ECLI:NL:RBDHA:2025:9310
Rechtbank Den Haag
- Voorlopige voorziening
- Rechtspraak.nl
Afwijzing verzoek om voorlopige voorziening in asielzaak na intrekking verblijfsvergunning
In deze zaak heeft de voorzieningenrechter van de Rechtbank Den Haag op 23 mei 2025 uitspraak gedaan in een verzoek om voorlopige voorziening. Verzoekster, vertegenwoordigd door haar gemachtigde mr. J. Singh, had beroep ingesteld tegen de intrekking van haar verblijfsvergunning door de Minister van Asiel en Migratie, die op 19 maart 2024 had plaatsgevonden. De minister handhaafde zijn besluit na het indienen van bezwaar door verzoekster op 3 juni 2024. Verzoekster vroeg de voorzieningenrechter om een voorlopige voorziening te treffen, terwijl haar beroep nog in behandeling was.
De voorzieningenrechter heeft het verzoek op 3 april 2025 behandeld, samen met een andere zaak (zaaknummer 24.24386). Tijdens de zitting waren zowel de gemachtigde van verzoekster als de gemachtigde van de minister aanwezig.
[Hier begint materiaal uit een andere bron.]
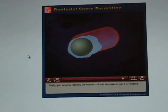Some spores form an additional layer called the exosporium. A mature spore is resistant to environmental conditions. Finally, lytic enzymes destroy the mother cell and the mature spore is released.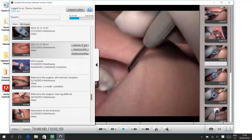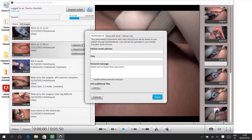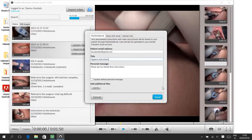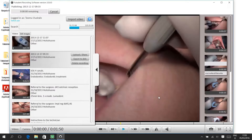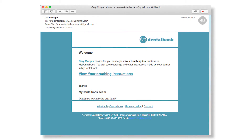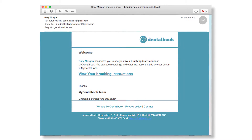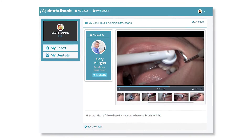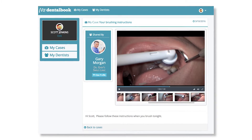To share a video, begin by clicking the upload button in your video gallery. From here you may upload the video to your FUTUREDENT cloud account and share it to your patients and colleagues. To share your video to a patient, simply enter their email address along with a short message and click send. Your patient receives the video with your personal instruction and they can review it at home on any device.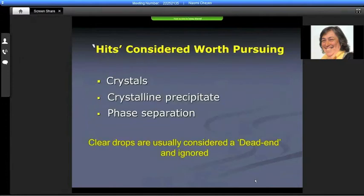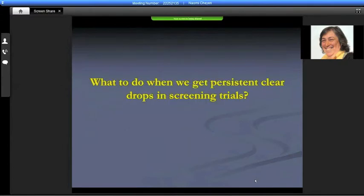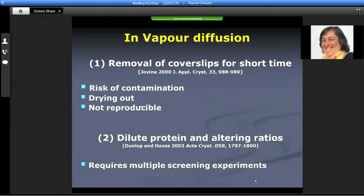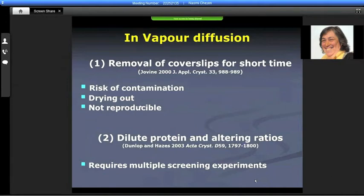When we screen, the hits that are considered worth pursuing are either crystals, crystalline precipitate, or even phase separation, but clear drops are usually considered as a dead end and they are ignored. So what do we do when we get persistent clear drops in screening trials? We don't want to throw them away. There were means people did ad hoc to remove the cover slip for a short time and then put it back, but mostly it was drying out and this was certainly not reproducible. There were other ways to alter the ratios of proteins, but all these require multiple screening experiments, and when one has a limited amount of protein you don't want to have to do it again.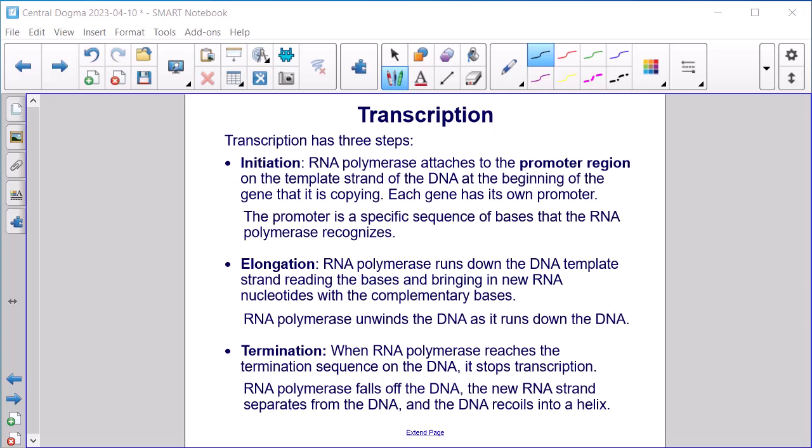Transcription has three steps. Initiation: RNA polymerase attaches to the promoter region on the template strand of the DNA at the beginning of the gene that it is copying. Each gene has its own promoter — a specific sequence of bases that the RNA polymerase recognizes. Elongation: RNA polymerase runs down the DNA template strand, reading the bases and bringing in new RNA nucleotides with the complementary bases. RNA polymerase unwinds the DNA as it runs. Termination: When RNA polymerase reaches the termination sequence on the DNA, it stops transcription. The RNA strand separates from the DNA, and the DNA recoils into a helix.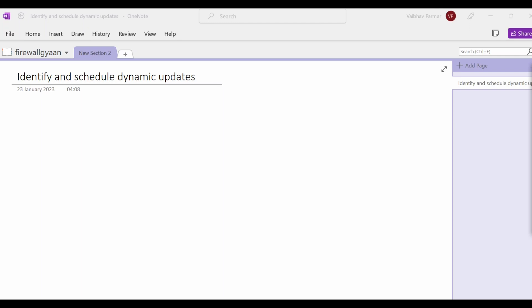Hello guys and welcome back. In this video we are going to talk about identifying and scheduling dynamic updates. In day-to-day admin work, we need to ensure that our firewall's content — threat prevention, antivirus, application, WildFire — whatever application we use, the content updates need to be updated so that we are always ensured we are secure against the latest discovered attacks.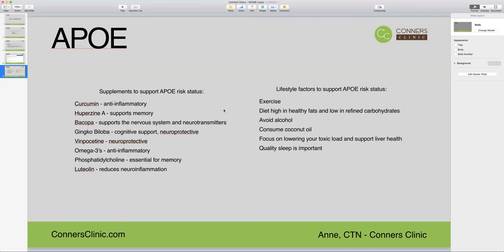Ginkgo biloba has cognitive support and neuroprotective properties. Vinpocetine is also neuroprotective. Omega-3s are anti-inflammatory fats, and you can eat foods high in omega-3s — such as olive oil, olives, nuts and seeds — or you can take an omega-3 supplement to flood the system with those healthy anti-inflammatory fats. If you also have FADS variants, then omega-3s are even more important, as there are a number of different genes that piggyback off of each other.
De voorzieningenrechter heeft in zijn beoordeling vastgesteld dat de rechtbank in de andere zaak al uitspraak had gedaan, waardoor een voorlopige voorziening niet meer nodig was. Om deze reden heeft de voorzieningenrechter het verzoek om voorlopige voorziening afgewezen. Tevens is er geen aanleiding voor een proceskostenveroordeling, en de voorzieningenrechter heeft geconcludeerd dat er geen vergoeding van griffierecht of proceskosten zal plaatsvinden.
De uitspraak is openbaar gemaakt op 23 mei 2025 en er staat geen hoger beroep of verzet open tegen deze beslissing.